If you want to go the JMS route, a standalone JMS-compatible message broker (separate from your app server) would be a good choice. Message brokers range from free open-source (like ActiveMQ at http://activemq.apache.org/ or OpenMQ at https://mq.dev.java.net/), to large-scale commercial solutions (IBM's WebSphere MQ at http://www-01.ibm.com/software/integration/wmq/ is one of the largest).
Message brokers offer guaranteed delivery (provided the server's up and listening), and you can do quite a bit to ensure that the system is fail-safe including integrated backup broker servers and instant power backup. Broker queues can eventually run out of room if your app server isn't picking up the messages, but you can assign huge queue depth (100's of GB) and have the server send alerts if the messages aren't getting processed and the queue reaches a certain percentage.
Your Java app would then run on a different server entirely, and would connect to the broker and pull messages off of the queue as fast as possible. If the app server crashes or stops picking up messages for any other reason, the broker would just keep all messages in that queue until the app server begins picking them up again.
You will be wanting to implement a poison message queue in your implementation - this is the place that messages unable to be processed after some number of retries will arrive.
You will probably need to write some code that can examine the messages in that queue and re-send them to the appropriate destination after fixing whatever is causing them to fail.
If sequence of message processing is important, a message ending up in the poison queue could mean all processing is halted until that message is corrected.

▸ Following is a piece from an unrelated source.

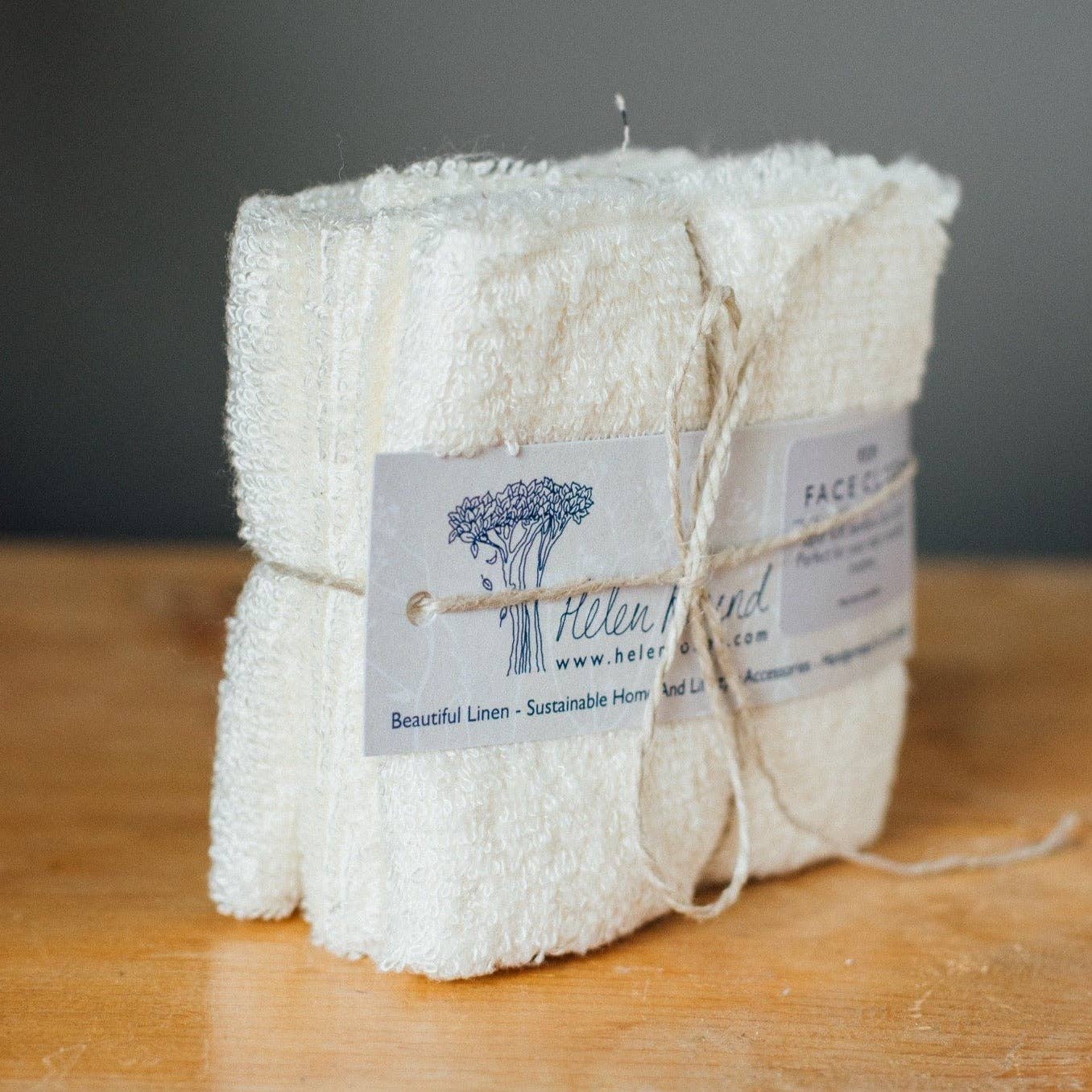 Helen Round - hand printed linen and bamboo wellness - Wholesale Wash Cloth - Reusable Bamboo Face Cloth, Supersoft Bamboo Cleansing Cloth2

As far as fault tolerance goes, you can have multiple instances of the consuming services subscribe to the same queue or topic, providing an ability to continue processing even if one or more instances goes down.
Finally, have a watchdog process that pings the various consumers on your message queue, and if one doesn't respond, have it send a message that results in a new instance being started. In this way, your message processing environment can be somewhat self regulating.